The package of measures included an intention to introduce in the summer of 2020 permanent permitted development rights for rooftop developments of up to two additional storeys above existing buildings. This proposal follows the policy statement issued by former Housing Secretary Sajid Javid in 2018 and justifies upward development by increasing density in line with local character and making the most of existing local infrastructure.
The timetable for adoption of these measures is bound to slip as the Government focuses resources to the health emergency. Nevertheless, the proposals are to be welcomed as development of this nature could bring much needed additional homes without eroding greenbelt or removing employment space.
Critics of the proposals are concerned that, like other recent permitted development initiatives such as the recent “office to residential” boom, the exercise of the proposed permitted development rights will lead to poorly designed and low quality housing stock which has not undergone the rigour of the planning system.
Legal Issues to Consider
Upward urban development is not a new phenomenon and many developers have already embraced the vertical development potential. That said, upwards development will often not be appropriate for a range of reasons including planning & practical considerations, cost and physical restraints such as the integrity of the existing structure.
There are also a number of legal factors which should be taken into account when considering upward only development including the following:
Terms of Existing Leases – the terms of existing leases of the building may conflict with the proposed redevelopment. The Landlord’s quiet enjoyment clauses which are likely to be included within any existing leases of the building may be breached by the Landlord’s proposed development if the construction works materially interfere with the tenant's possession and enjoyment of their property. Rights may also already exist for the existing tenants to use the roof space or roof voids or items situated on or within them such as roof gardens, plant and equipment etc.
Well drafted leases should reserve sufficient rights for the Landlord to undertake further development on parts of the property not already demised but this is unlikely to be sufficient to overcome claims for breaches of quiet enjoyment for existing residential tenants, particularly on the upper floors, where the interference caused by the construction is significant.
Telecommunications Apparatus – the existence of telecommunications masts on the roof will need to be addressed and their removal or relocation negotiated. Telecommunication tenants may well have the benefit of security of tenure pursuant to the Landlord & Tenant Act 1954 which may cause complications or result in compensation being due to the tenant if a renewal is contested on development grounds. Telecoms operators will also have rights under Telecommunications legislation.
Rights of Light – upward urban development is more likely to infringe the rights of light enjoyed by adjoining properties. A developer will need to assess the potential impact of rights of light and could face a lengthy and costly legal battle or have to incur the cost of settling potential claims.
Indemnity insurance may be available to cover the risk of rights of light claims depending on the circumstances.
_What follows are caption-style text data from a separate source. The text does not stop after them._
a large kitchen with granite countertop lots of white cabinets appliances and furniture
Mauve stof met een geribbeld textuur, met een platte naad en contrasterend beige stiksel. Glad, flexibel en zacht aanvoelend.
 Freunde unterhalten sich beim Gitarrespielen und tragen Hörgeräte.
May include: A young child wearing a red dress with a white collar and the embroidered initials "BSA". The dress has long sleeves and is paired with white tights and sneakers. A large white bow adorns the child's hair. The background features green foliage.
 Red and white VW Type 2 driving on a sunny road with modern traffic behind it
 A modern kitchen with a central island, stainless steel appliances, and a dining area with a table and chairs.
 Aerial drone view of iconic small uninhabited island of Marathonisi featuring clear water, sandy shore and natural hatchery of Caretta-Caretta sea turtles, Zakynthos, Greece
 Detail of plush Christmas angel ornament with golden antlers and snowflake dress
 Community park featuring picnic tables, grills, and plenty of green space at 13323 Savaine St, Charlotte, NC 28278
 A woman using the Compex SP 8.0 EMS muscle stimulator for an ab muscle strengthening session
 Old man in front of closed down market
A thorough assessment of all relevant rights of light should be undertaken.
Health & Safety Requirements – the developer will need to ensure that the upward development is undertaken in accordance with health and safety requirements so as not to risk the health & safety of existing occupiers. The necessary arrangements could have significant practical implications for the way in which the proposed development is undertaken.
Residential Tenants’ right of first refusal – where a building comprises existing residential units which have been sold on long leases, the long leaseholders are likely to have the benefit of a statutory right of first refusal (pursuant to provisions of Landlord and Tenant Act 1987) if the freeholder/landlord intends to dispose of the roof and air space above to a developer.
This process will cause delays and expense to the freeholder/landlord and, if the tenants are successful in exercising their right of first refusal, will prevent the developer from acquiring the rooftop and airspace. It is worth noting however that the success tenants will need to step into the shoes of the proposed developer and acquire the rooftop/airspace themselves which may present the developer with an opportunity of being engaged to undertake the development on behalf of the tenants.
The 1987 Act contains criminal sanctions if the procedure giving the tenants right of first refusal is not complied with and/or allows the Court to unwind any transaction entered into in breach of the Act.
Collective enfranchisement - the Leasehold Reform, Housing and Urban Development Act 1993 gives long leasehold tenants the right of collective enfranchisement. If the qualifying criteria set out in the Act are met the tenants may have a right to acquire the building, along with the roof which will hinder or prevent further development by the current owner.
Case law is rapidly evolving in this area as can be seen from in the recent case of LM Homes Limited & Others v Queen Court Freehold Company Limited (2020). A note of that case can be found here.
Party Walls - The provisions and procedures of the Party Wall Act 1996 should be considered. The Act applies to both horizontal as well as vertical party structures (such as floors or ceilings) between adjoining flats or between flats and the roof/roof void.
The Government’s appetite for vertical urban development may present new urban development opportunities but further detail is needed about the proposed permitted development rights before the industry can assess how much of an impact the proposals will have.
Even where planning considerations are overcome, rooftop development presents a range of complex legal issues which each need to be carefully considered, addressed and overcome before assessing the viability and deliverability of the rooftop development.
Consistent with our policy when giving comment and advice on a non-specific basis, we cannot assume legal responsibility for the accuracy of any particular statement. In the case of specific problems we recommend that professional advice be sought.